Determining your data domains is an important part of your data strategy. So what is a data domain?
It actually can mean a couple of things, depending if we look at it from the point of view of data management and database management, or if we look at it from the point of view of data governance. Or think of it as looking at it from the technical side or the business side. And you might say, "George why do we care about both? Let's just focus on the data governance side". Well, I think that you need to be aware of both.
Even if you're in data governance, you need to understand the technical side because otherwise when you'll be talking to those technical data stewards and data custodians and IT, they might use the term differently than you. Even when you're talking to vendors, I think it's good to understand both views of the terms. Yes, I know, it's frustrating for the same term to have different meanings, but working in data governance it's something you'll get used to as that's one of the things that data governance will try to do, clarify these differences.
Data domain (database management)
From a database management point of view, or better yet, a data modeling point of view, a data domain represents the collection of values that a data element may contain. A better way to understand this is through an example. Imagine an online form with a drop down field that we might encounter in a form that we fill in. Let's take that as the gender.

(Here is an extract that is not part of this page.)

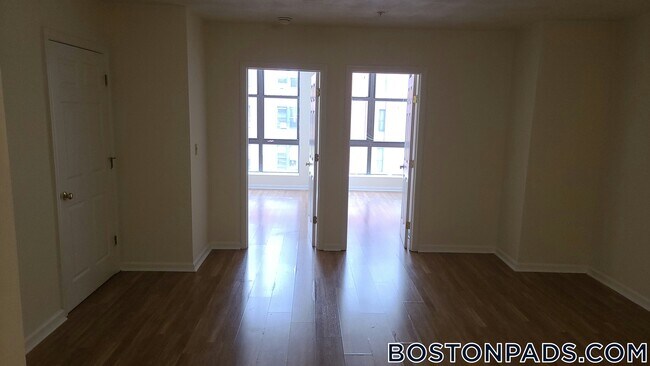 Photo - 81 Essex St Unit 42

When we click on that drop-down we might be getting some options, such as the following:
- Not specified
Of course there could be other options, depending on your definition for gender. That's not the point. The idea is that we would have these fixed options. When we record this in a table of a database, the value assigned to gender can only be one of these 4 values. So we say that the data domain for the gender column is "male", "female", "non-binary", or "not specified".
Data domain (data governance)
From a data governance perspective, data domain means something else. Here, a data domain is "a logical grouping of items of interest to the organization, or areas of interest within the organization".

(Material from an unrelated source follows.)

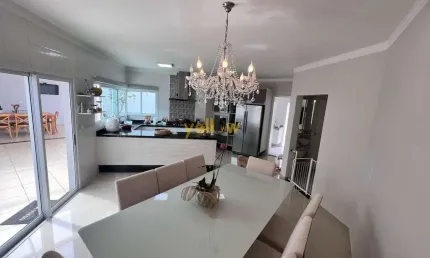 Casa à Venda em Lavorare Arujá: 3 Suítes, 304m², R$1.980.000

You can think of data domains as high-level categories of data for the purpose of assigning accountability and responsibility for the data. By the way, a data domain is also called "subject area", or a "data concept" so you might encounter either. Within data governance, they both refer to the same thing.
Just to note that some are refer to the data domain to mean the same thing as a data set. That's not accurate as a data domain can contain multiple data sets as long as those data sets represent the same area of interest within the organization.
If this is still clear as mud, let's look at some examples.
Data domain examples
- Product (or Service)
- Vendor (or Supplier)
- Transaction (or Order, or Sale)
An average organization would have anywhere between 5-10 AND they aren't always these, though these are usually the most common ones. In the end it really depends on the industry that you're part of.
Let's look at some industry specific data domains.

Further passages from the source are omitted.